One notable amicus brief to the plaintiffs’ September U.S. Supreme Court
petition was filed in mid-October by a group of renowned researchers in
the social sciences fields, including experts in the areas of
stereotyping, prejudice and discrimination.
Based on scholarly evidence, the experts told the court there is
“extensive and pervasive” public harm caused by the continued use of
Indian mascots in professional sports.
“Social science research shows that the use of ethnic slurs like
‘redskin’ perpetuates harmful stereotypes and leads to discrimination,”
the authors of the brief wrote.
Many of the researchers work at the top universities in the country.
Tribal citizens have long noted that the “redskins” term has
historically been used as a derogatory reference to American Indians, in
a similar way that the word “nigger” has been wrongly used toward
blacks.
Historically, the word “redskins” was also used by the U.S. government
as a way to refer to bounties it placed on scalped Indian heads,
according to historians and legal experts.
The psychology scholars added that the affects of American Indian sports
mascots are especially harmful to Native youth, tending to lower the
self-esteem of Indian children and young adults.
Along those lines, they cited studies showing that exposure to Indian
sports mascots depress the self-esteem and feelings of community worth
and limit the aspirations of Native high school and college students.
The psychologists’ arguments weren’t the only new unique avenue of
support.
A group of social justice advocacy experts also added an amicus brief in
mid-October that said the Redskins trademark sets back progress and
equality in American society.
“The social justice interests involved in this case go far beyond Native
Americans. Either a trademark is disparaging or it is not. And if it is,
it should not enjoy the perpetual protections of the United States
government.”
They went on to make the case that the Redskins trademark is
disparaging, and they noted, too, that numerous schools and other groups
have removed offensive Native American team names in recent years.
A third amicus brief filed in October came from the National Congress of
American Indians and several other Indian advocacy organizations.
The group said the Redskins’ trademark is disparaging not only to
petitioners individually, but to all Native American people and should
never have been registered.
All the support stems from a September legal petition filed by a group
of Native Americans who asked the U.S. Supreme Court to hear their case
calling for an end to the trademark of the Redskins team name and logo.
The petition requested that the high court review a lower court decision
that sided against the Native Americans based on a statute of
limitations-based legal concept known as laches – which the petition
asserts is not applicable in this case.
It argued, too, that there is precedent for overturning the lower
court’s statute of limitations-based decision, including a Third Circuit
decision made by Samuel A. Alito, a current justice on the high court.
While laches makes for an interesting legal argument for lawyers and
judges to ponder, it doesn’t necessarily resound on an emotional level,
some legal experts have said.
The amicus briefs help fill that gap.
Richard Guest, a legal expert with the Native American Rights Fund, said
the multi-pronged support briefs create more ways for the public to
understand the arguments of the Indian plaintiffs.

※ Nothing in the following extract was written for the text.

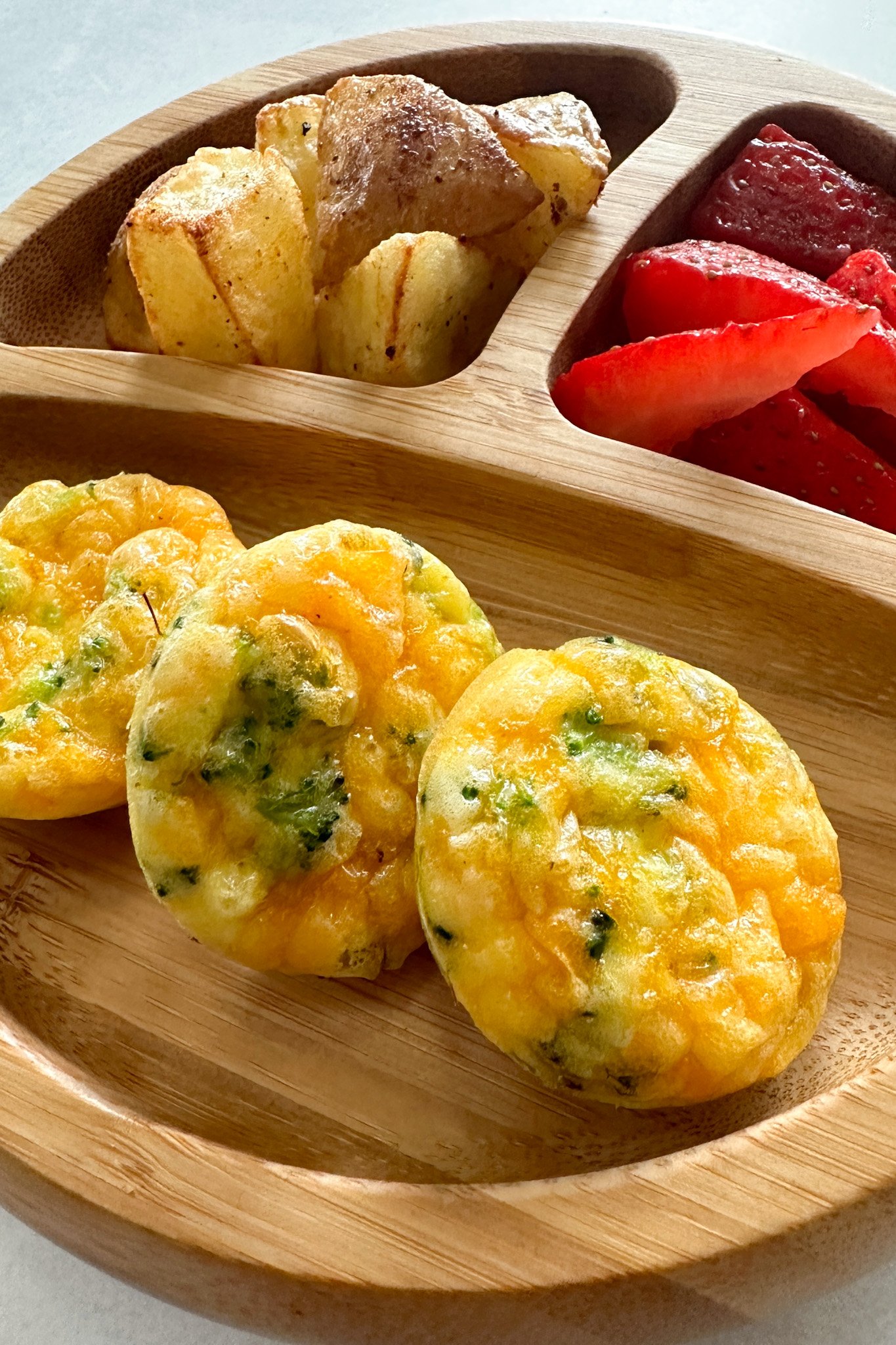 Broccoli egg bites served with fruits and potatoes.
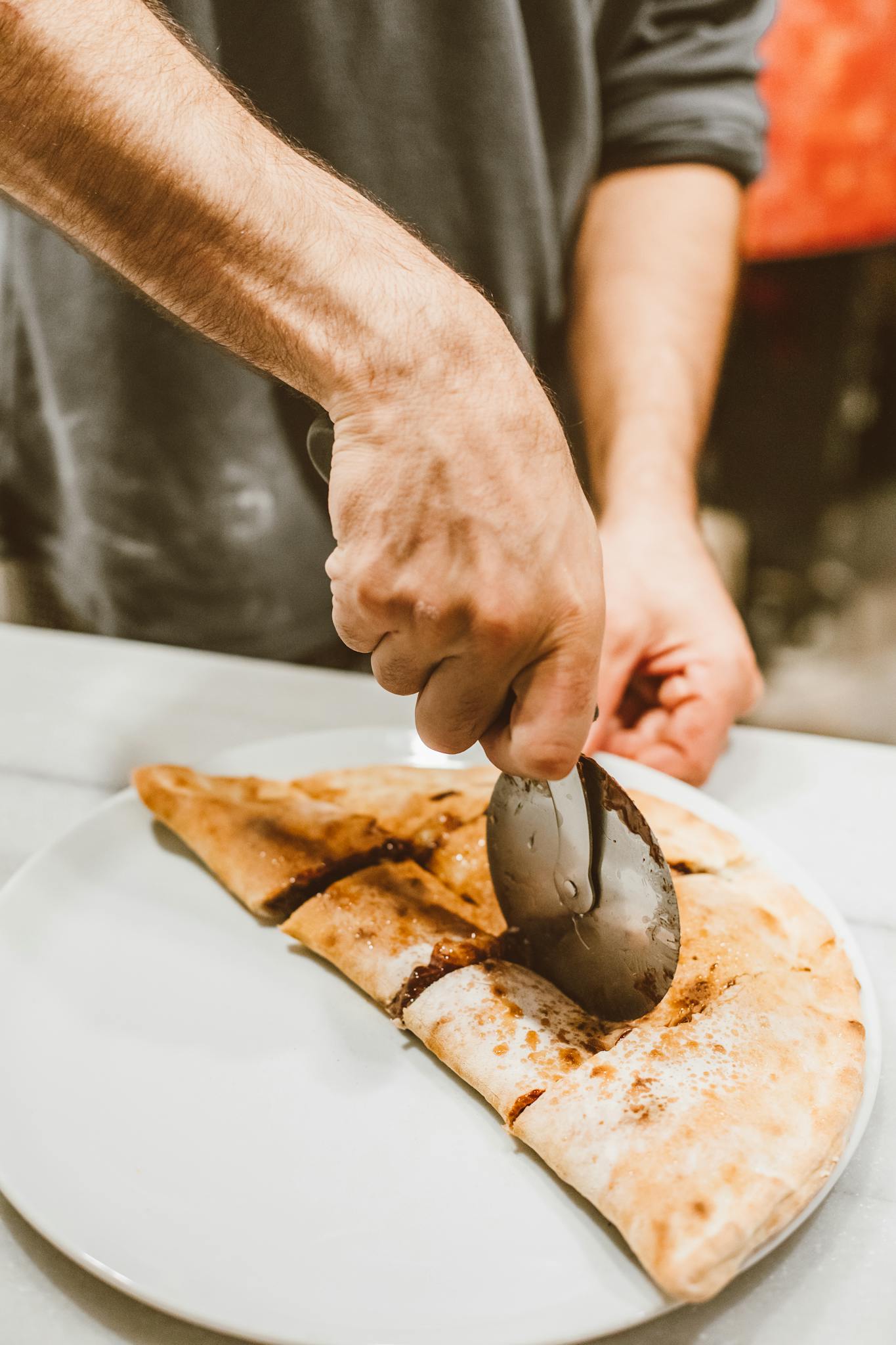 Close Up Of A Hand Cutting A Freshly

“It becomes not just a legal argument, but a moral and psychological
one, too.”
Philip Mause, a lawyer for the plaintiffs, said the briefs are
persuasive.
“The psychology professors’ brief goes into an issue that we are
learning more and more about: The harm to young American Indians
involving mascots,” said Mause, a partner at Drinker Biddle & Reath in
D.C.
“It’s new information and an important new development. It’s very
helpful.”
He said all the briefs add to the debate and help strengthen the
plaintiffs’ case.
Still, Mause noted, the Supreme Court chooses to hear very few cases, so
it’s an “uphill battle.”
In a reply brief to the plaintiffs’ petition to the high court, the
Redskins lawyers argued that laches is applicable.